▶ [WHAT THIS TASK INVOLVES]: Nothing but the lines from the first line of the records below to the line holding "Break-even. Fast forward" belongs in the answer, copied exactly and without pictures.

▶ [EXTRACTED ENTRIES]:
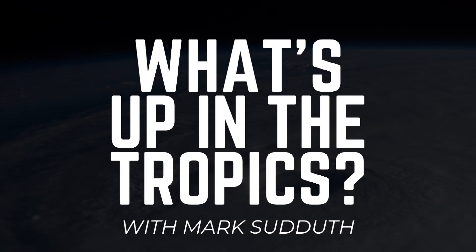Good morning to you. I'm Mark Setteth, and here's what's up in the tropics for Tuesday, the 28th of June, 2022.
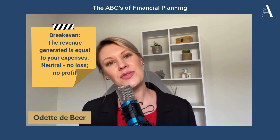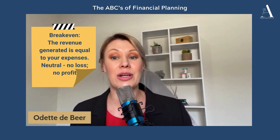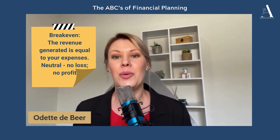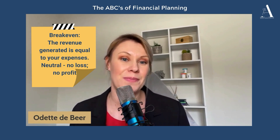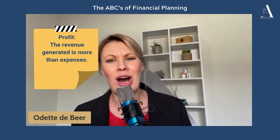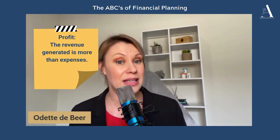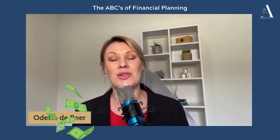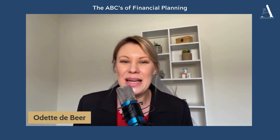Break-even. Fast forward to spring — sales boom, and now you are covering costs, but you have not yet started making a profit. Welcome to the break-even point, a financial neutral zone. It's summer. Ice creams are selling like hotcakes, but cold. You've crossed the break-even point and you are now entering into the profit zone. It's time for you to make some money.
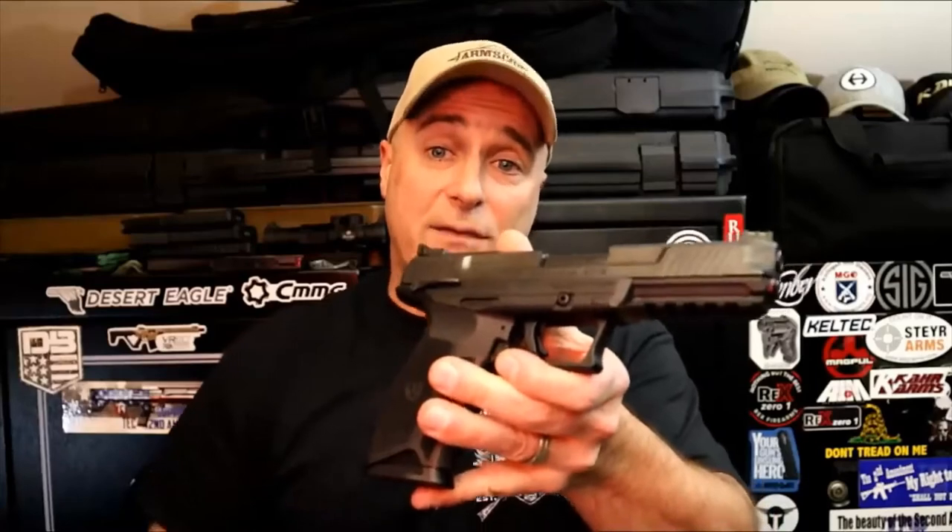5.7x28mm is on its way back. People think the Ruger 5.7 really caused this, and they did to a degree, but it never really went away. The FN Five-seveN was a big seller — they were like the only firearm. But that's not true: CMMG had an upper in 5.7x28mm, Diamondback is making their version now. A lot of people like the Ruger 5.7. The ammo is a bit more expensive, but we'll see what the future looks like as more companies make it and more people get involved with the 5.7x28mm.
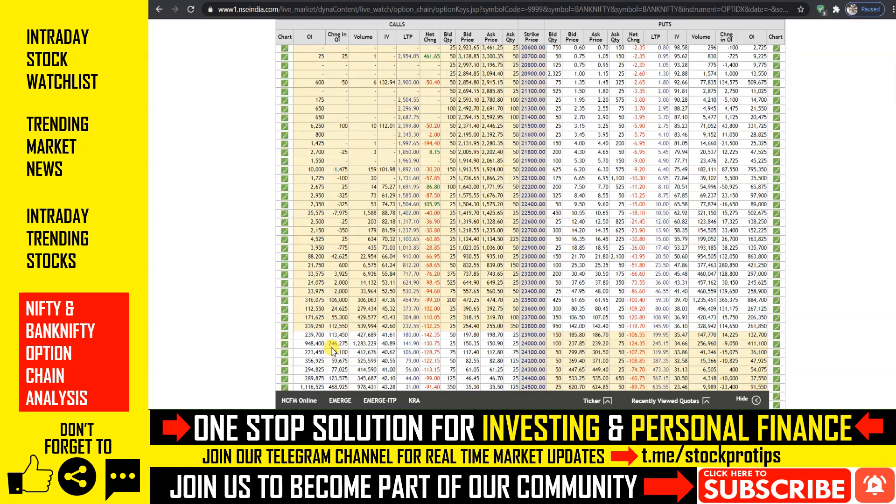If you are not subscribed to this channel, please subscribe and hit the notification bell set to 'All' so that you get our most important video updates. For real-time live updates, join our Telegram channel linked in the description. I will see you again — thanks for watching.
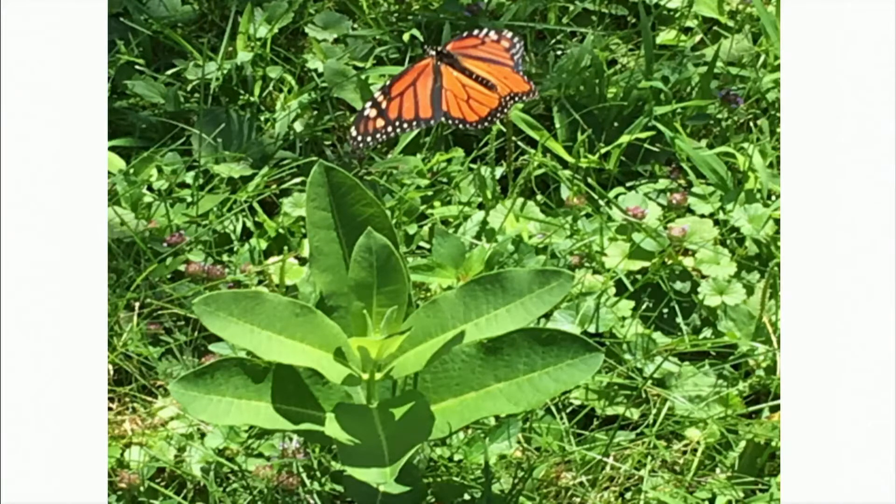Over the last 20 years, the monarch butterfly's populations have declined by 80% in the eastern United States. This sharp decline is alarming and has put the species in jeopardy of extinction. The primary reason for its decline is due to the loss of habitat, particularly the loss of lands with native flowering plants and its host plant, the milkweed.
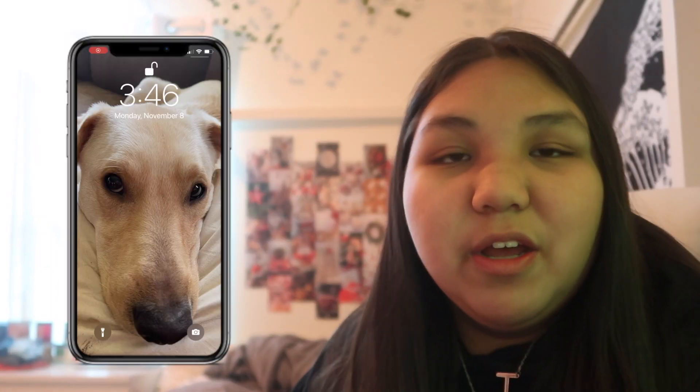Hi everyone, welcome back to another video! If you're new, I'm Jenna — welcome to my channel. Today's video is one I've done two times already. We are doing a 'What's on my iPhone' — specifically, what's on my iPhone 12 Pro Max.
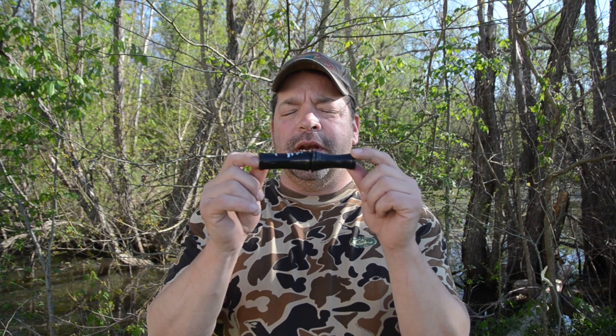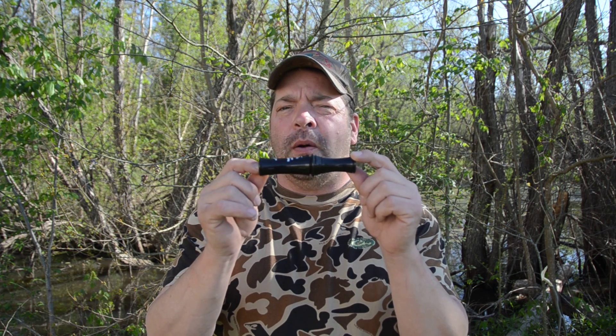Hi guys, I'm Rod Haydale with Haydale's Game Calls. Short Read Canada Calls — we've got about three different models in our line. We have the SCO4 Short Read Canada here; it's a polycarb call. We also have another call that is in a carbon finish — we call that the carbon honker.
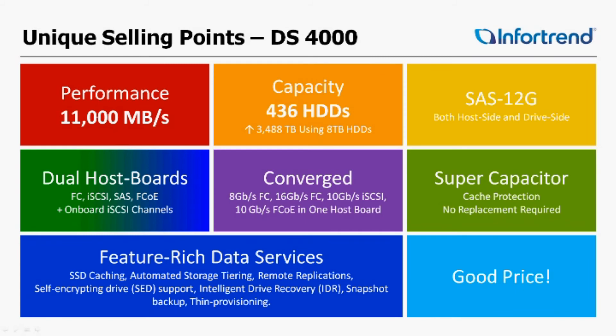The feature-rich data services include SSD caching, automated storage tiering, remote replication, self-encrypted drives, intelligent drive recovery, snapshot backups, and thin provisioning. All of this is available at a phenomenal price.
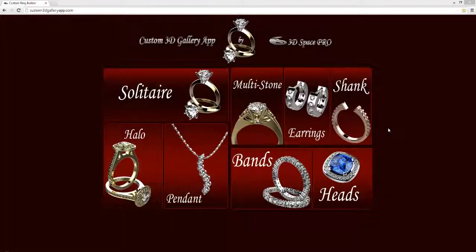Welcome and thank you so much for joining us on this quick demo of our 3D custom gallery app. What you see here is the very front page of what the app would look like. You would have placed at the top your company name along with your company logo, and this is completely customizable to your liking and to your needs as far as the color scheme and the images being used.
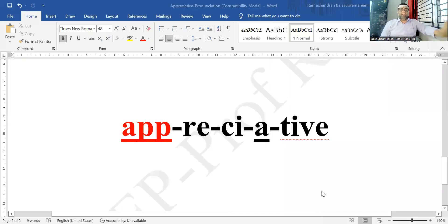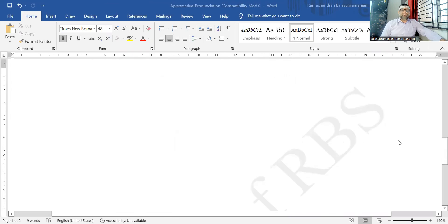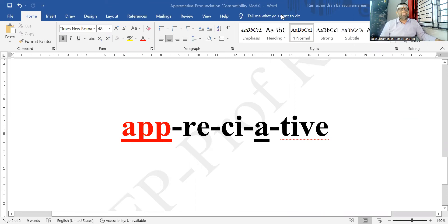So 'appreciative' is the word for today. We also saw that a single letter can function as a diphthong and attract the primary stress. The correct pronunciation is 'appreciative'. Thanks a lot for patiently listening. This is the beauty of English stress — please keep asking questions, and look forward to the next video. Goodbye!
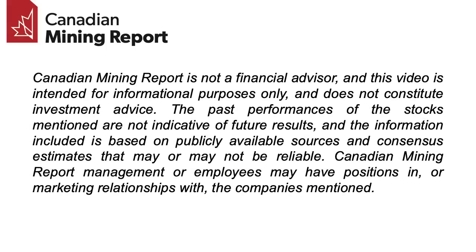Canadian Mining Report is not a financial advisor, and this video is intended for informational purposes only and does not constitute investment advice. The past performances of the stocks mentioned are not indicative of future results, and the information included is based on publicly available sources and consensus estimates that may or may not be reliable. Canadian Mining Report management or employees may have positions in or marketing relationships with the companies mentioned.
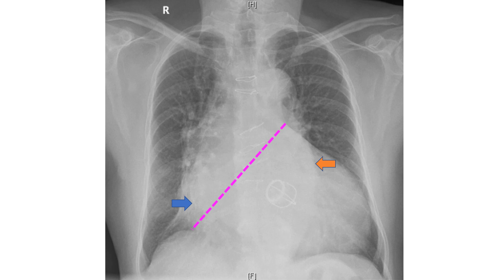A prominent descending aortic shadow is also seen behind the cardiac silhouette. Aortic dilatation, along with cardiomegaly and left atrial enlargement, may indicate a pre-existing aortic regurgitation which has now become severe. Atherosclerotic changes in the aorta as age advances is also a possibility.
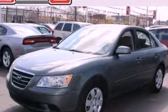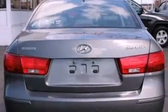This is a 2010 Hyundai Sonata. It features a 2.4-liter, four-cylinder engine and an automatic transmission.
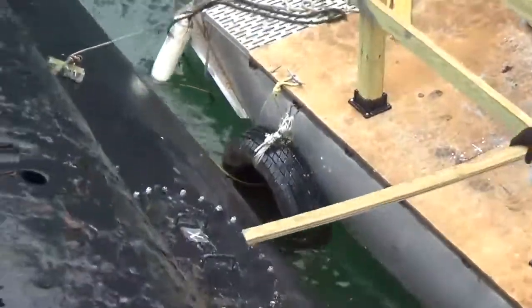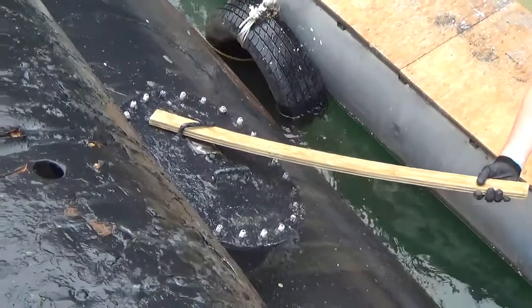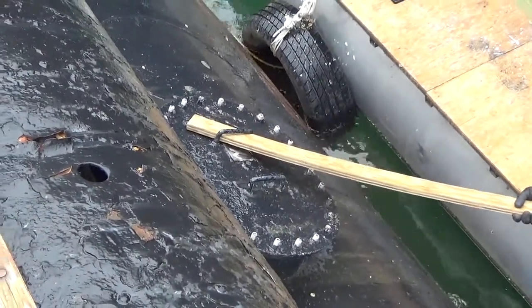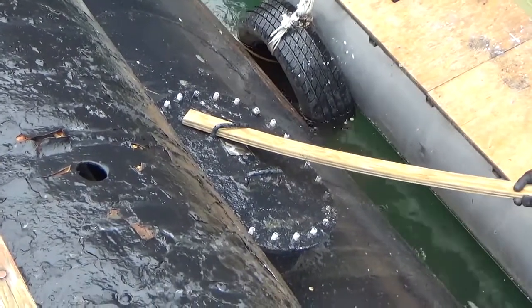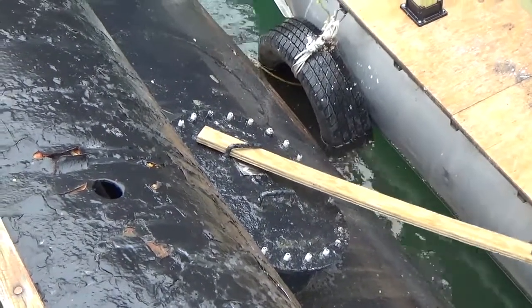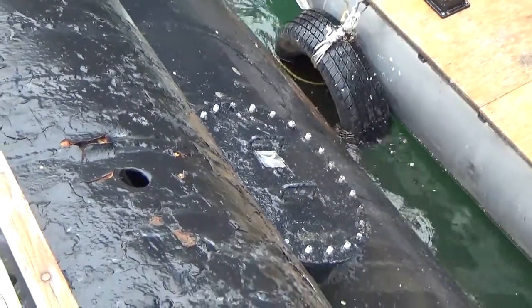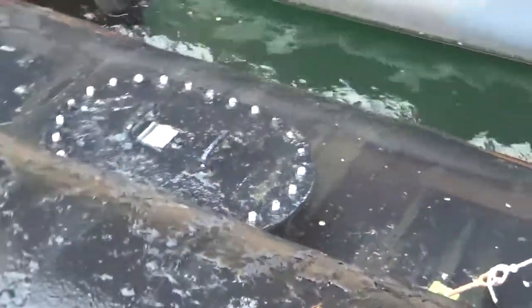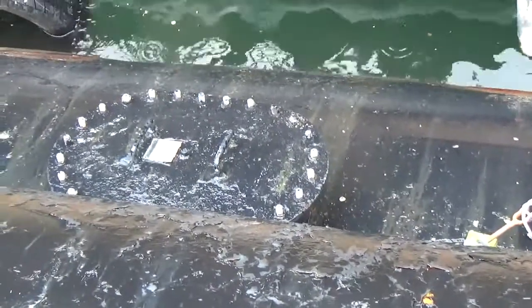Here are the access hatches that we were talking about. These are not original to the ship, but they allowed the Navy or places like us to get into the ballast tanks without having to go underwater, because the valves and hatches were underneath the ballast tank when she was in service. So if there wasn't a diver available, now we can access them from the top.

▶ [SOLUTION FOR THIS EXERCISE]:
Good morning to you. I'm Mark Setteth, and here's what's up in the tropics for Tuesday, the 28th of June, 2022.
Break-even. Fast forward to spring — sales boom, and now you are covering costs, but you have not yet started making a profit. Welcome to the break-even point, a financial neutral zone. It's summer. Ice creams are selling like hotcakes, but cold. You've crossed the break-even point and you are now entering into the profit zone. It's time for you to make some money.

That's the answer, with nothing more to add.